Task to carry out ->
Only the stretch below from the line holding "Eiffel tower iconic" through the line holding "Roch Split AC : RAC-SH18R4-E - 1" should be restated, word for word and with both ends included; pictures stay out.
The input: Begin
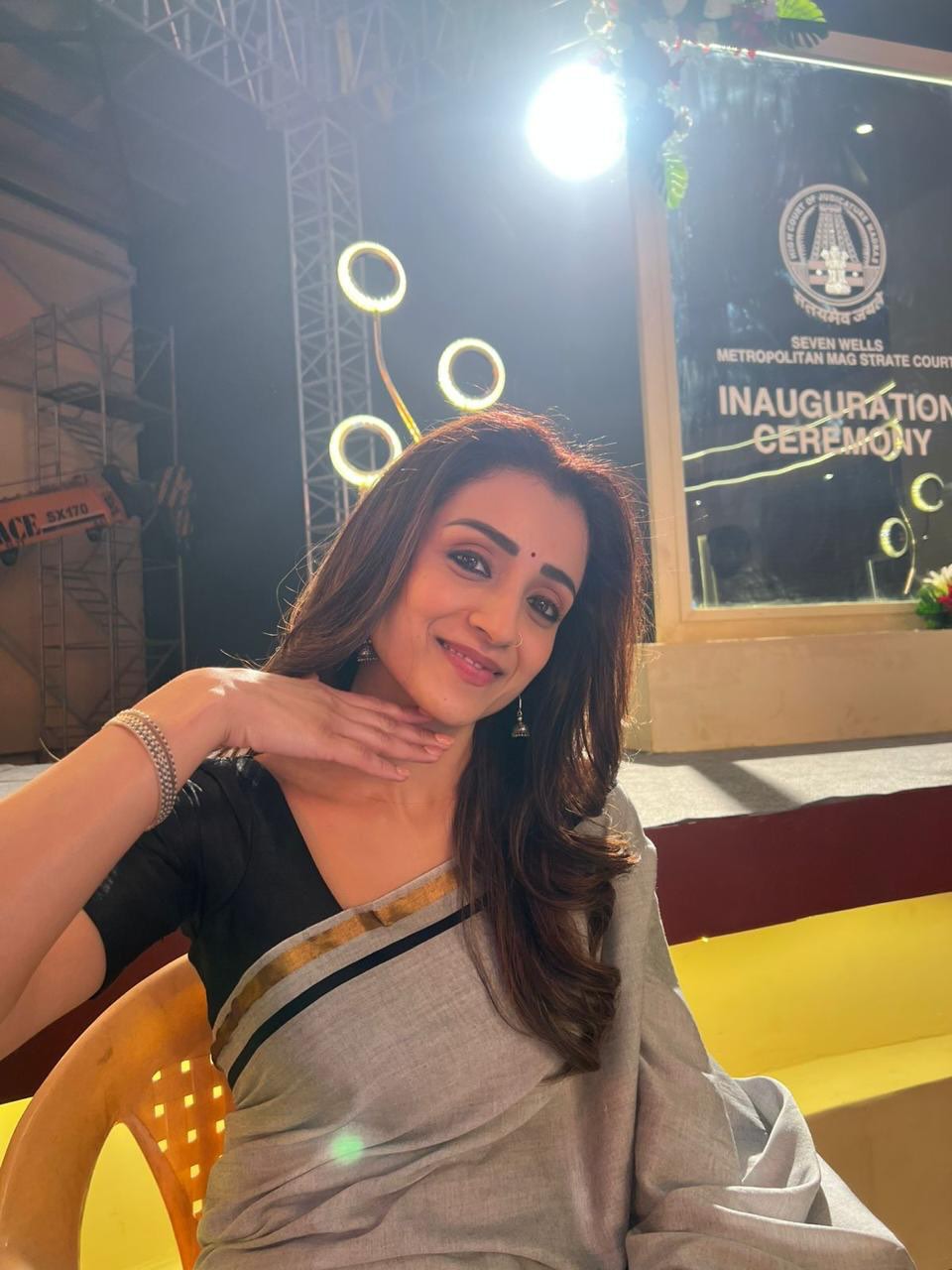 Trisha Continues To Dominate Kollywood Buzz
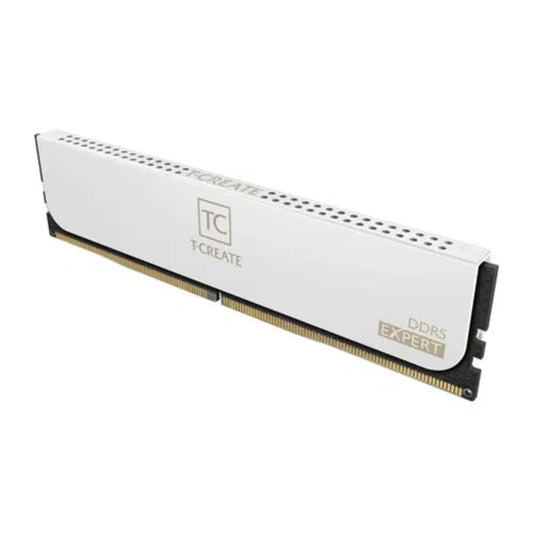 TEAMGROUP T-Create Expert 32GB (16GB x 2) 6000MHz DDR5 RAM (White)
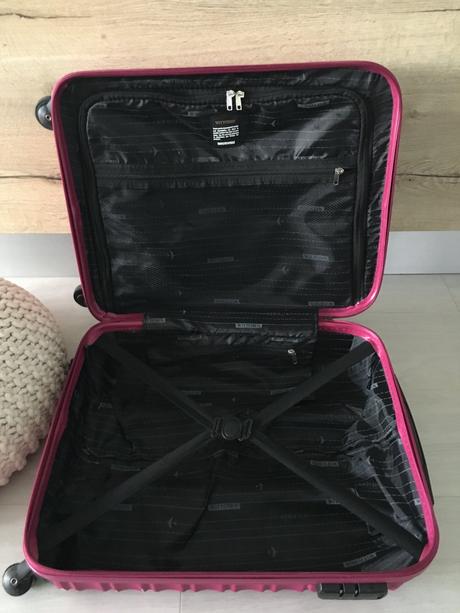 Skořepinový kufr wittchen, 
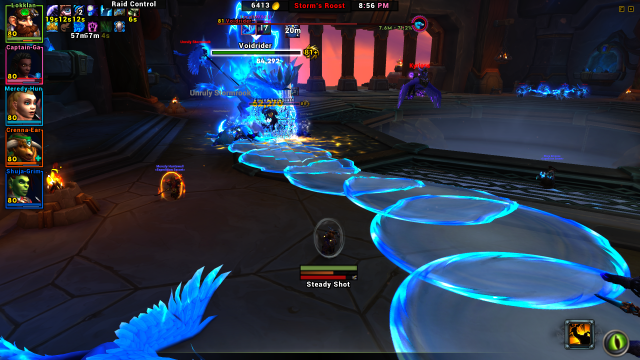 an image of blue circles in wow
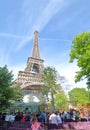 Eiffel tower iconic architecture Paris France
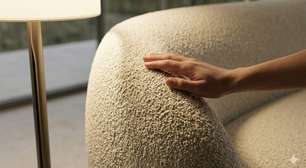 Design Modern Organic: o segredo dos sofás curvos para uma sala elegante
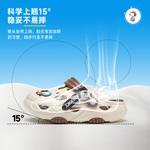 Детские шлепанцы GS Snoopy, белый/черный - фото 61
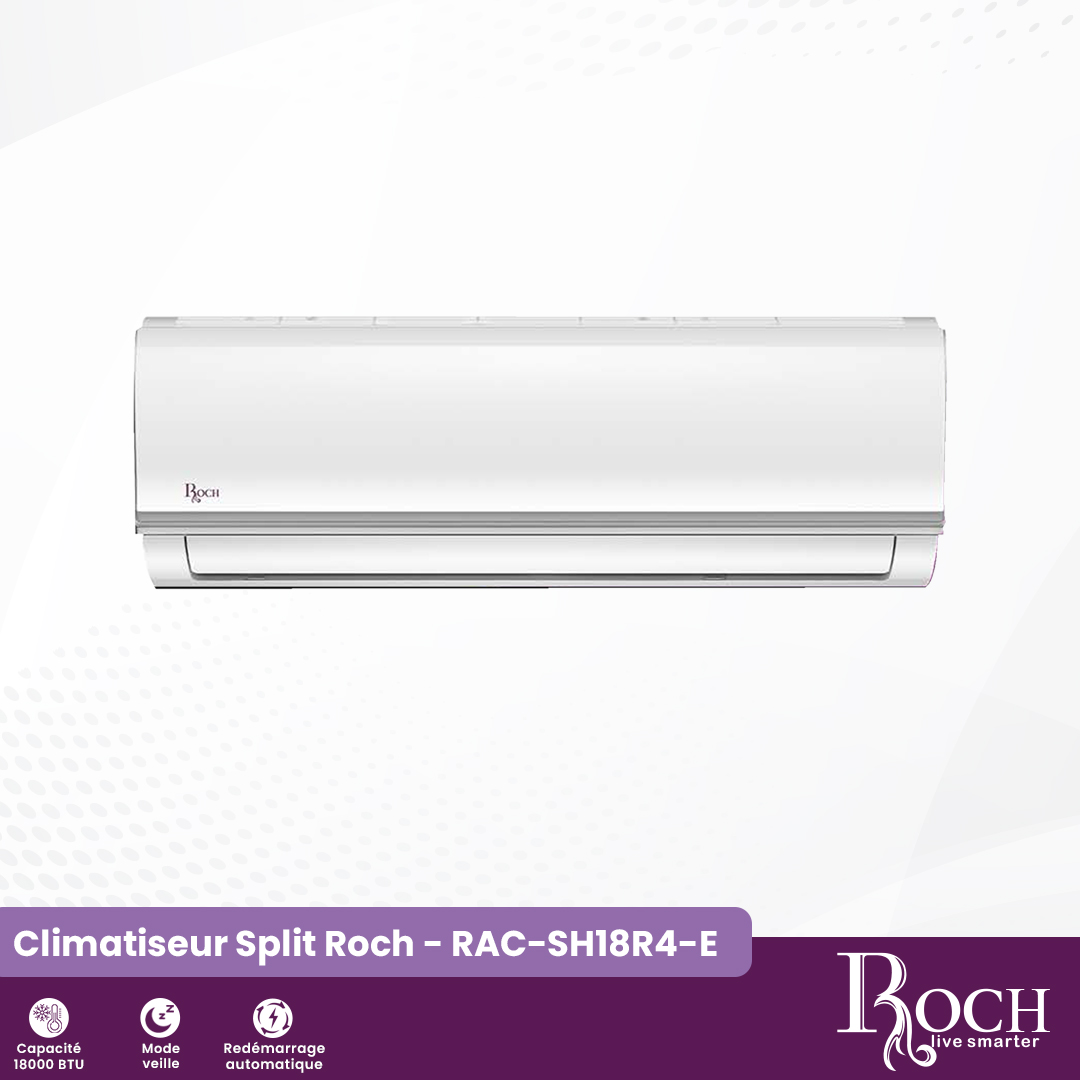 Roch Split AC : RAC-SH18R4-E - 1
The input: End
The input: Begin
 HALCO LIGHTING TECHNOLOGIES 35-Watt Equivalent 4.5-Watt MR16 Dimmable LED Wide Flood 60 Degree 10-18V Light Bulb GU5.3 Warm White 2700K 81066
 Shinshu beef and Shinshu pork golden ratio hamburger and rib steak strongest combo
The input: End
The input: Begin
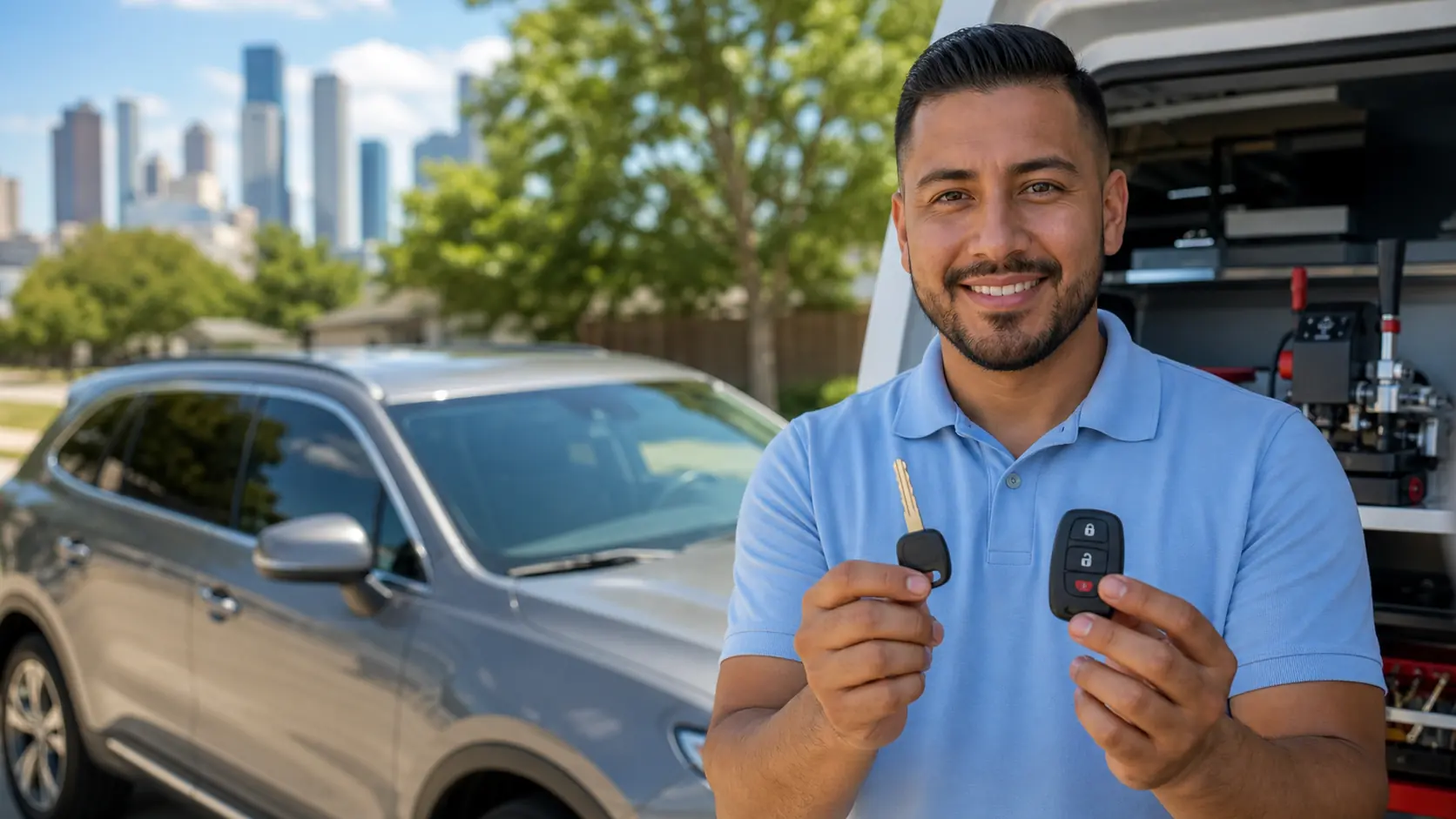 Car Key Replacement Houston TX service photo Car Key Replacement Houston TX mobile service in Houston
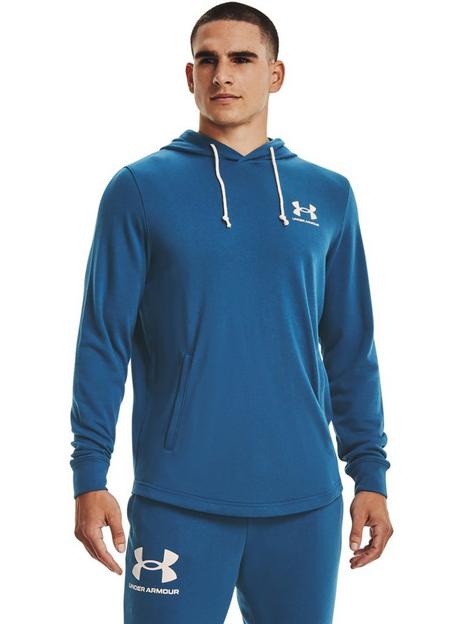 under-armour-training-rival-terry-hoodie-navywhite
The input: End
Expected output ->
 Eiffel tower iconic architecture Paris France
 Design Modern Organic: o segredo dos sofás curvos para uma sala elegante
 Детские шлепанцы GS Snoopy, белый/черный - фото 61
 Roch Split AC : RAC-SH18R4-E - 1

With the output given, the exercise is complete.